Je lui passe et il ajoute la brève en question au reste. Puis il enroule le tout dans un tube de métal qu’il ferme hermétiquement. Enfin, il part chercher Gustav, un solide ptidodos repus de deux jours de repos bien mérités à dormir, à manger et à faire le beau devant Géraldine. Ce brave Gustav va transmettre les informations du nord au sud, vers Trevor et Sybil qui gèrent l’élevage du sud. Assembler des informations, c’est bien, mais redispatcher les informations à tous les petits potes, c’est important. Car le tavernier écoute et renseigne. Et dans ce genre de situation, il peut aussi aiguiller une conversation pour tirer des choses de son vis-à-vis. Vous allez dire que c’est malhonnête, mais je vous dis que non. Ils se présentent toujours en mon nom, quand ils en viennent à ce genre de moment. Ils présentent une carte de visite stipulant qu’ils ont ma confiance. Et les gens semblent plutôt bien me connaître, puisqu’ils généralement, on leur en dit plus. Du coup, je leur fournis aussi des cartes de visites supplémentaires, au cas où ils en perdraient. Et passer à côté d’une information capitale, ça serait quand même triste. Domovoï vérifie que Gustav est en parfaite santé et qu’il ne manque de rien, parce que même s’il connaît le chemin et qu’il peut se débrouiller, il vaut mieux mettre toutes les chances de son côté. Une fois que tout est conforme, Il sort avec pour le départ. Il revient cinq minutes après, l’air maussade.
-Toujours compliqué de les laisser partir ?
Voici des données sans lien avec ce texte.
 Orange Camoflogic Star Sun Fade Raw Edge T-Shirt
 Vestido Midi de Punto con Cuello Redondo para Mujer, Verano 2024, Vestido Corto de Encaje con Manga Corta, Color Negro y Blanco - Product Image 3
-Il pourrait lui arriver n’importe quoi…
-Il a déjà fait plusieurs fois le chemin. Tu finiras par t’y faire.
-Tu me le dis à chaque fois, mais à chaque fois, ça me fait toujours un pincement au cœur.
Toujours aussi émotif avec ces protégés, le grand garçon. Elle s’y fera. Forcément. Même si le nombre de petidodos, et de chapardeurs, n’est pas encore très grand, il est amené à grandir. A la fin, il y aura tellement de ses protégés sur les routes d’Aryon que s’ils devaient s’inquiéter pour tous, son cœur lâchera à coup sûr. Il évoluera. Tout le monde évolue. Comme les organisations. Et grâces aux ptidodos et aux chapardeurs, les petits potes ont sacrément grandis.